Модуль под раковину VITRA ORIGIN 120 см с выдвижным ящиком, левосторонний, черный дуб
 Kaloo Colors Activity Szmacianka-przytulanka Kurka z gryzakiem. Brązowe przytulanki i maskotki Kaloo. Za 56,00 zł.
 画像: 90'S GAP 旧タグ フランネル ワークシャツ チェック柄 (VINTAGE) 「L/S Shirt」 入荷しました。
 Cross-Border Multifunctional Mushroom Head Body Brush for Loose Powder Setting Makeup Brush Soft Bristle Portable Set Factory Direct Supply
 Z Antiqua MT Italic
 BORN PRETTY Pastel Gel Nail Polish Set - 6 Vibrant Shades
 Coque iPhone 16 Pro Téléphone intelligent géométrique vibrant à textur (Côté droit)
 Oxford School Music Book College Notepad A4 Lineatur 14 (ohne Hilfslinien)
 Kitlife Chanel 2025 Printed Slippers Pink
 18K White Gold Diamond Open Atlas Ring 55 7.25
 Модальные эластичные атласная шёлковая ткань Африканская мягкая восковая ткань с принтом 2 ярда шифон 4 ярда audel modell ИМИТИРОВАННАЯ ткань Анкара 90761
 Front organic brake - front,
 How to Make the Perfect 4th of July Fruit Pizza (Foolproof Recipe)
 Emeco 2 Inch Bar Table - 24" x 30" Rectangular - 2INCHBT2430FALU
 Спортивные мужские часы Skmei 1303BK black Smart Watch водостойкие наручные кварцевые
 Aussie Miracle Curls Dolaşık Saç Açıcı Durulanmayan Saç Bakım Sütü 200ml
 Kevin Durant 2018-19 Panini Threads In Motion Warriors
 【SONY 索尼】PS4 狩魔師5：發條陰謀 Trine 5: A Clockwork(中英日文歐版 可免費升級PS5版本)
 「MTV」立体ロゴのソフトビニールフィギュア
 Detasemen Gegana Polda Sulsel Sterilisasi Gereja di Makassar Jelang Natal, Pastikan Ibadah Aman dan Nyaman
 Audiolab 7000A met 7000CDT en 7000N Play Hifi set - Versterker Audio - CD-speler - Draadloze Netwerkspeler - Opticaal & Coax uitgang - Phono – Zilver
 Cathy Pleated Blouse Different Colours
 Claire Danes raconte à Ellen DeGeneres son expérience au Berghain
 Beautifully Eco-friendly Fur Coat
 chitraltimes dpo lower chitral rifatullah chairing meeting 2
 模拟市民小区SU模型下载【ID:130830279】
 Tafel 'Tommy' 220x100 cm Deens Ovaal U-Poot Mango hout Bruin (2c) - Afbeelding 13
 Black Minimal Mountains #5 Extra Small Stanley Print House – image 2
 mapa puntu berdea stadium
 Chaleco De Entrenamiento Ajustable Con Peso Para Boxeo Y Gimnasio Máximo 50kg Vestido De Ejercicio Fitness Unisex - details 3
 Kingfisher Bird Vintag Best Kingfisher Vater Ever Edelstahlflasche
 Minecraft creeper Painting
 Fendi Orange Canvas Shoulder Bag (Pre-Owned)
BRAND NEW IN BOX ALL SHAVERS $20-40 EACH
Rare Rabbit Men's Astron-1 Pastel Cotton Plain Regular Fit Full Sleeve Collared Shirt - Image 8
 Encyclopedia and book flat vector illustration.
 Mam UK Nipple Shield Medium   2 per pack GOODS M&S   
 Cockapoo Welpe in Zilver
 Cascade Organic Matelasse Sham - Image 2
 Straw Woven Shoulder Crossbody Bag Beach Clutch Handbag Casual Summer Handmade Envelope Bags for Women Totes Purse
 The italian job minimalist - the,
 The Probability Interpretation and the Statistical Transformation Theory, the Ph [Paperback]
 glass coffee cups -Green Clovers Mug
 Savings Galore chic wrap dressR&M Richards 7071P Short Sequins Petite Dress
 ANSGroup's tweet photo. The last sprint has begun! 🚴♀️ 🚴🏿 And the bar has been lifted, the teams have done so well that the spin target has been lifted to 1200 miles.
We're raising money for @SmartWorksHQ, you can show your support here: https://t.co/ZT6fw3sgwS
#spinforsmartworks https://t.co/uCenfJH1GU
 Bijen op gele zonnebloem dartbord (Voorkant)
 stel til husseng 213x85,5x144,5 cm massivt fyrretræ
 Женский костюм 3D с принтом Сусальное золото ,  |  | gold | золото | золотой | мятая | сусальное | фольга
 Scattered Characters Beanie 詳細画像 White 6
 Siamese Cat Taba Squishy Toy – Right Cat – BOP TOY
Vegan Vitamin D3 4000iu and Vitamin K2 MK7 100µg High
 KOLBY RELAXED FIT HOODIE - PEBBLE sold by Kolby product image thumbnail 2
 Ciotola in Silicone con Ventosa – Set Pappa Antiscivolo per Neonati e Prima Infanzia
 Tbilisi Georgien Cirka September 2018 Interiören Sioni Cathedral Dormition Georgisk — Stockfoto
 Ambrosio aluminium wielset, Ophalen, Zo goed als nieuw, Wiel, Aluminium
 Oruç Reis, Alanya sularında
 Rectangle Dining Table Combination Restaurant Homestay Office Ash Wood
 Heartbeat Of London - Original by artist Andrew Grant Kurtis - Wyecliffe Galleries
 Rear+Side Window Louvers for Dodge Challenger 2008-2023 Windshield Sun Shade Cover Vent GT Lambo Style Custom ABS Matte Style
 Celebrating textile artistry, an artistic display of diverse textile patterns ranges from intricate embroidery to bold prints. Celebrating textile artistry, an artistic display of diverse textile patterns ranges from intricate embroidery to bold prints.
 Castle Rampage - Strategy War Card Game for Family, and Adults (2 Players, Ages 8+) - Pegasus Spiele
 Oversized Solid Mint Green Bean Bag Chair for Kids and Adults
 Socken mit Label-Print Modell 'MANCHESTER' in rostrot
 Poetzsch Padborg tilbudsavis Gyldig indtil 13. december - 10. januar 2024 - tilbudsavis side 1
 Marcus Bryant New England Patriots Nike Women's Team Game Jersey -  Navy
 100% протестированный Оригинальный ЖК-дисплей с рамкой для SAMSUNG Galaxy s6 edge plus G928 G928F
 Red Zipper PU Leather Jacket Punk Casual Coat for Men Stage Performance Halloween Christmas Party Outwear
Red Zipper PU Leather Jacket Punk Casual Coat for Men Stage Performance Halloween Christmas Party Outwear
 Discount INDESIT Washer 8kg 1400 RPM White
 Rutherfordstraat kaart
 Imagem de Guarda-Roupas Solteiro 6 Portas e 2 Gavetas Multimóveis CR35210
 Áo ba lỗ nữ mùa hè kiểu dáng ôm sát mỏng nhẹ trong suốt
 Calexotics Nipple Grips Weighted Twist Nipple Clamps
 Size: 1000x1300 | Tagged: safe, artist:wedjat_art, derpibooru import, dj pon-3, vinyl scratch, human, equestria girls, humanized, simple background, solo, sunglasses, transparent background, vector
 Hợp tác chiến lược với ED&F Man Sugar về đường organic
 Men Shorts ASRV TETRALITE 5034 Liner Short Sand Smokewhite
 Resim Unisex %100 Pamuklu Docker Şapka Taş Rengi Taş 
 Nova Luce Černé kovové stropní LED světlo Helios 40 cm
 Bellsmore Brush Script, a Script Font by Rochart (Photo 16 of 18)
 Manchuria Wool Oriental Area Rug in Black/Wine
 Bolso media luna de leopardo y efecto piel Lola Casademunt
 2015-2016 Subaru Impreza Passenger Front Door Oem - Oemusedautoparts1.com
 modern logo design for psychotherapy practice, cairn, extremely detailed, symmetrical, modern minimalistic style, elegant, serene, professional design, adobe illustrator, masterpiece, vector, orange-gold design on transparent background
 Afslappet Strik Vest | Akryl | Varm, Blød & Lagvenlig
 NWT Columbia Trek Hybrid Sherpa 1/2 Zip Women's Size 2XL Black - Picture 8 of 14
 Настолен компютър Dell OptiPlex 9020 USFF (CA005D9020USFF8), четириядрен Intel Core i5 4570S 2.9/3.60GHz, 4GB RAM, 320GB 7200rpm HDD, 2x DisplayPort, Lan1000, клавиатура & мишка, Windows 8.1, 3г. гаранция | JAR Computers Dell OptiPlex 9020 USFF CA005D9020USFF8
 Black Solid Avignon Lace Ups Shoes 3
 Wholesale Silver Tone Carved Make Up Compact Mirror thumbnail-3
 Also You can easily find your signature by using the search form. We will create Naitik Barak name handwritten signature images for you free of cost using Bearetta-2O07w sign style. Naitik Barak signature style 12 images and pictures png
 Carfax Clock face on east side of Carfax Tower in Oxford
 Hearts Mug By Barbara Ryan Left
=======
> _Exercise requirements_
With the line that has "Oxford School Music" as the first and the line that has "Tafel 'Tommy' 220x100" as the last, repeat exactly that run of lines above and no more.

> _Task output_
 Oxford School Music Book College Notepad A4 Lineatur 14 (ohne Hilfslinien)
 Kitlife Chanel 2025 Printed Slippers Pink
 18K White Gold Diamond Open Atlas Ring 55 7.25
 Модальные эластичные атласная шёлковая ткань Африканская мягкая восковая ткань с принтом 2 ярда шифон 4 ярда audel modell ИМИТИРОВАННАЯ ткань Анкара 90761
 Front organic brake - front,
 How to Make the Perfect 4th of July Fruit Pizza (Foolproof Recipe)
 Emeco 2 Inch Bar Table - 24" x 30" Rectangular - 2INCHBT2430FALU
 Спортивные мужские часы Skmei 1303BK black Smart Watch водостойкие наручные кварцевые
 Aussie Miracle Curls Dolaşık Saç Açıcı Durulanmayan Saç Bakım Sütü 200ml
 Kevin Durant 2018-19 Panini Threads In Motion Warriors
 【SONY 索尼】PS4 狩魔師5：發條陰謀 Trine 5: A Clockwork(中英日文歐版 可免費升級PS5版本)
 「MTV」立体ロゴのソフトビニールフィギュア
 Detasemen Gegana Polda Sulsel Sterilisasi Gereja di Makassar Jelang Natal, Pastikan Ibadah Aman dan Nyaman
 Audiolab 7000A met 7000CDT en 7000N Play Hifi set - Versterker Audio - CD-speler - Draadloze Netwerkspeler - Opticaal & Coax uitgang - Phono – Zilver
 Cathy Pleated Blouse Different Colours
 Claire Danes raconte à Ellen DeGeneres son expérience au Berghain
 Beautifully Eco-friendly Fur Coat
 chitraltimes dpo lower chitral rifatullah chairing meeting 2
 模拟市民小区SU模型下载【ID:130830279】
 Tafel 'Tommy' 220x100 cm Deens Ovaal U-Poot Mango hout Bruin (2c) - Afbeelding 13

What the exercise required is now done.